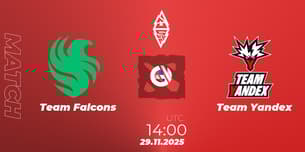 Team Falcons VS Team Yandex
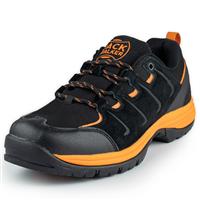 Jack Walker Mens Waterproof Walking Hiking JW017 (5 Black-Orange)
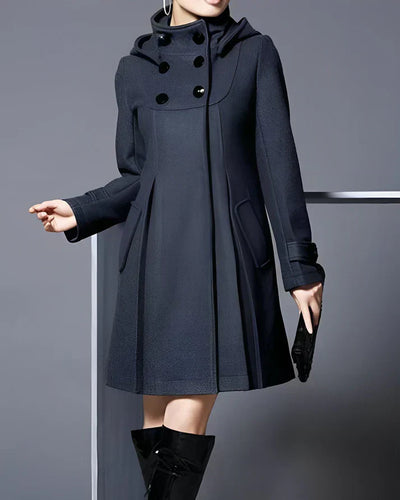 Isabella™ | Chic Wool Coat with Cozy Hood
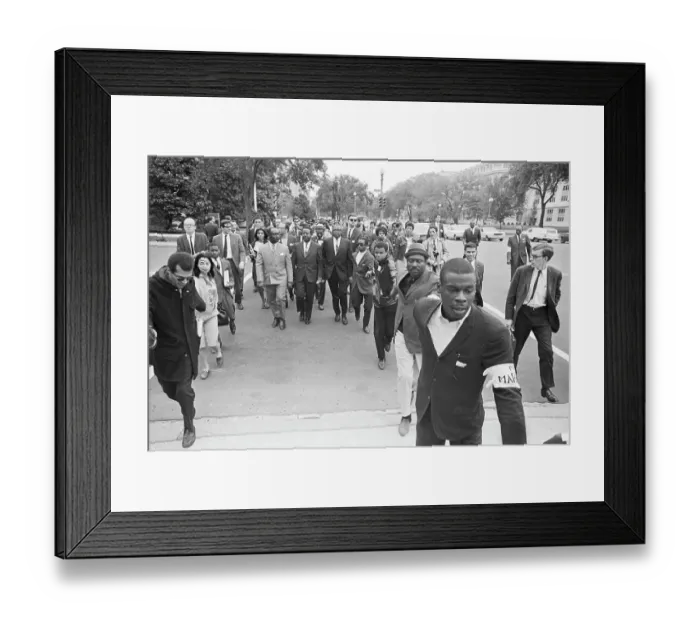 Framed Print : Ralph Abernathy Marching Framed Print : Ralph Abernathy Marching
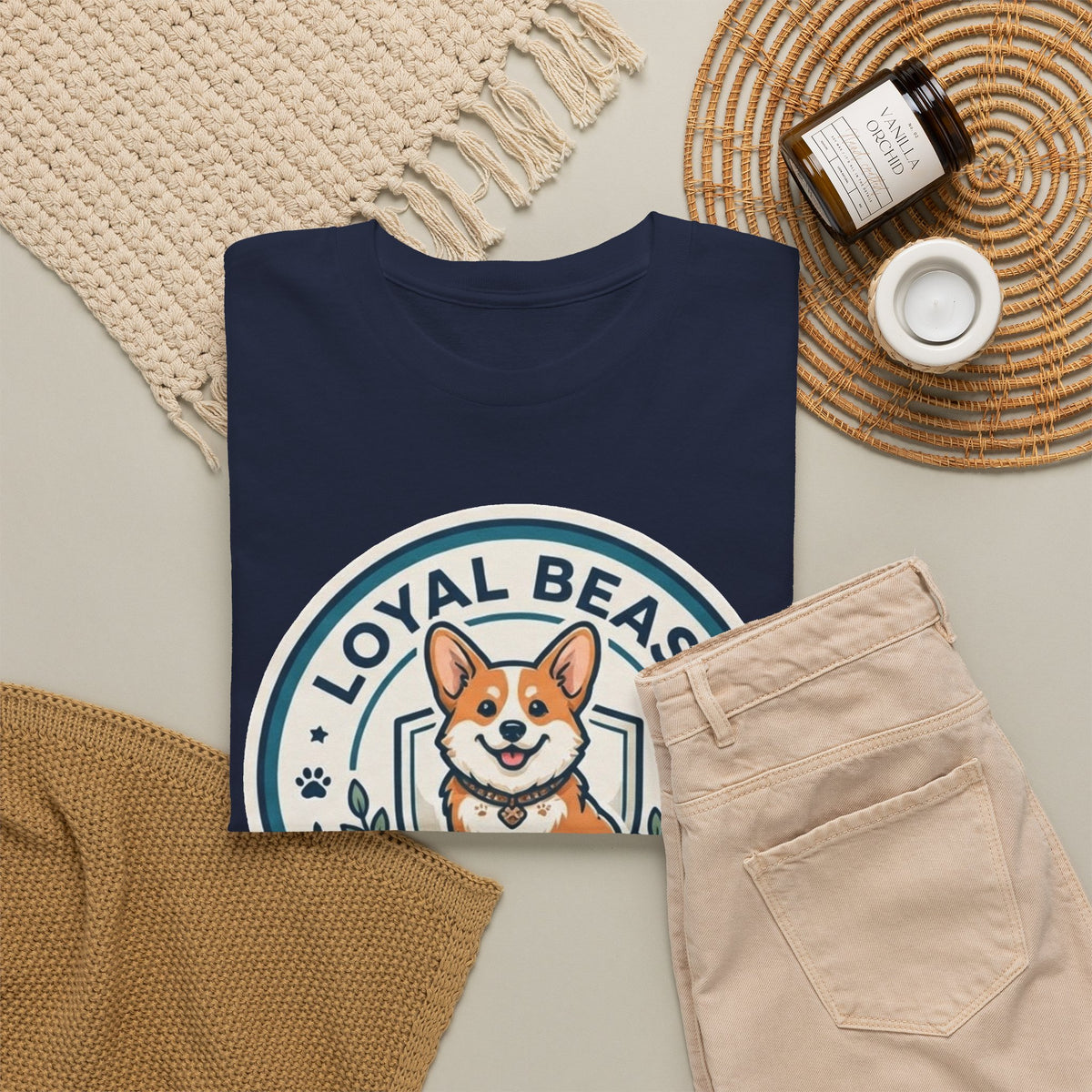 Loyal Beast Corgi Unisex Heavy Cotton Tee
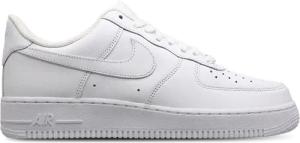 Nike Air Force Herren Schuhe - Weiß - Größe: 44.5 - Leder - Foot Locker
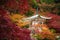 Daigoji temple in maple trees, momiji season, Kyoto, Japan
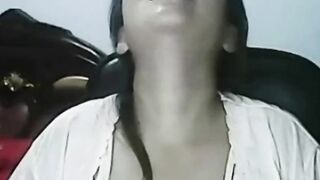 Wetting pussy of lonely Chinese MILF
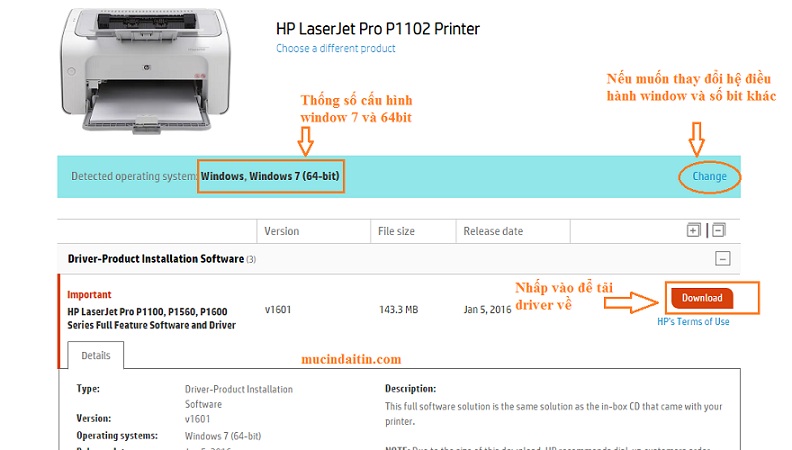 cach cai dat may in hp lasjet p1102 p1102w
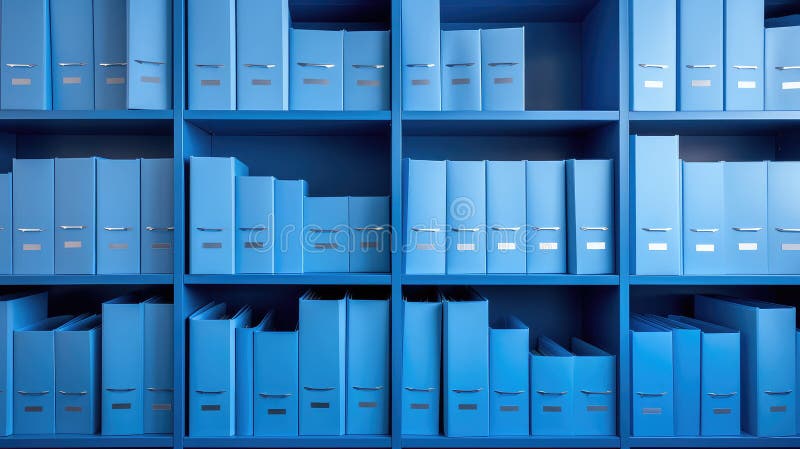 Neatly blue folder stock illustration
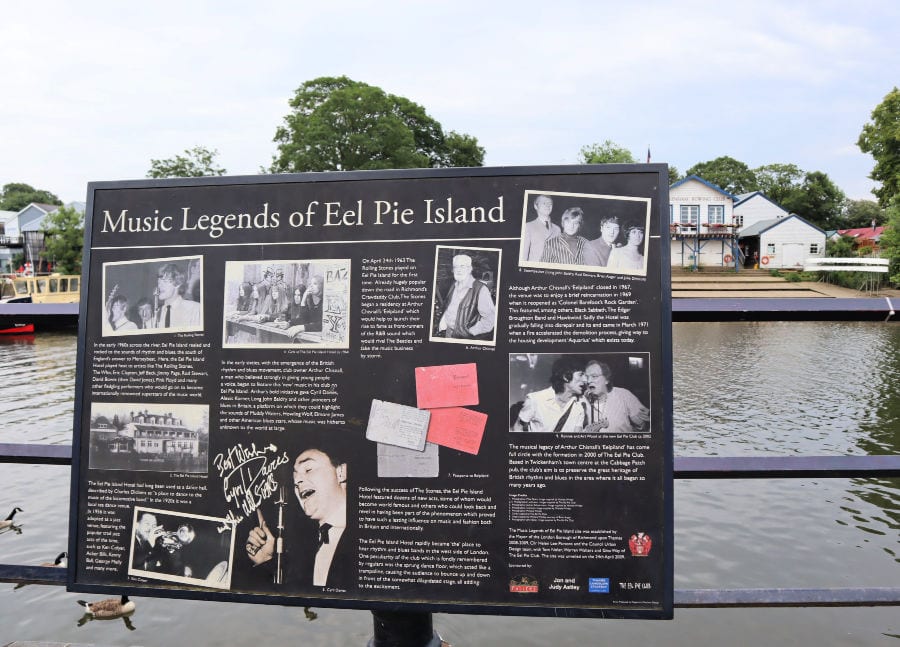 Eel pie island London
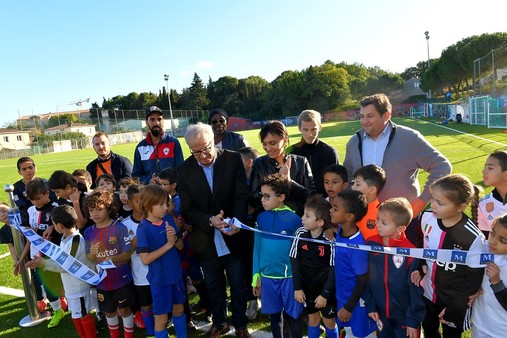 Inauguration des aménagements du terrain de sport Gil Fayard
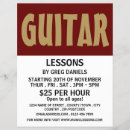 Search for guitar flyers Music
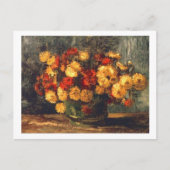 Bowl met Chrysanthemums Van Gogh Fine Art Briefkaart (Voorkant)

### [AIM OF THE TASK]
From the first line to the last, write out the data exactly, dropping any pictures.

### [RESPONSE FOR THIS EXERCISE]
 Team Falcons VS Team Yandex
 Jack Walker Mens Waterproof Walking Hiking JW017 (5 Black-Orange)
 Isabella™ | Chic Wool Coat with Cozy Hood
 Framed Print : Ralph Abernathy Marching Framed Print : Ralph Abernathy Marching
 Loyal Beast Corgi Unisex Heavy Cotton Tee
 Nike Air Force Herren Schuhe - Weiß - Größe: 44.5 - Leder - Foot Locker
 Daigoji temple in maple trees, momiji season, Kyoto, Japan
 Wetting pussy of lonely Chinese MILF
 cach cai dat may in hp lasjet p1102 p1102w
 Neatly blue folder stock illustration
 Eel pie island London
 Inauguration des aménagements du terrain de sport Gil Fayard
 Search for guitar flyers Music
 Bowl met Chrysanthemums Van Gogh Fine Art Briefkaart (Voorkant)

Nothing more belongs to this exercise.